All newly diagnosed PSC patients should undergo a bone density examination.
How are major bile duct strictures managed in PSC?
Endoscopic dilatation with or without stenting.
What is the treatment for advanced PSC?
Liver transplant.
What are overlap syndromes in the context of autoimmune liver disease?
They are variants of autoimmune liver disease where serologic and clinical characteristics are mixed with those of other chronic liver disorders, often immune-mediated.
What characterizes the overlap syndrome between autoimmune hepatitis (AIH) and primary biliary cholangitis (PBC)?
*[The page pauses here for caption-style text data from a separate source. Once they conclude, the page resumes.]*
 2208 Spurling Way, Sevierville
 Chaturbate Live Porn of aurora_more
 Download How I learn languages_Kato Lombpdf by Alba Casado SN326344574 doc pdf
Presence of anti-mitochondrial antibodies (AMA) with histological features of AIH.
Treatment is typically the same as for AIH.
What is the term for the overlap syndrome with ANA or ASMA and histological features of PBC?
Autoimmune cholangitis.
What characterizes the overlap syndrome between AIH and primary sclerosing cholangitis (PSC)?
Serology (autoantibodies) of AIH but imaging findings characteristic of PSC.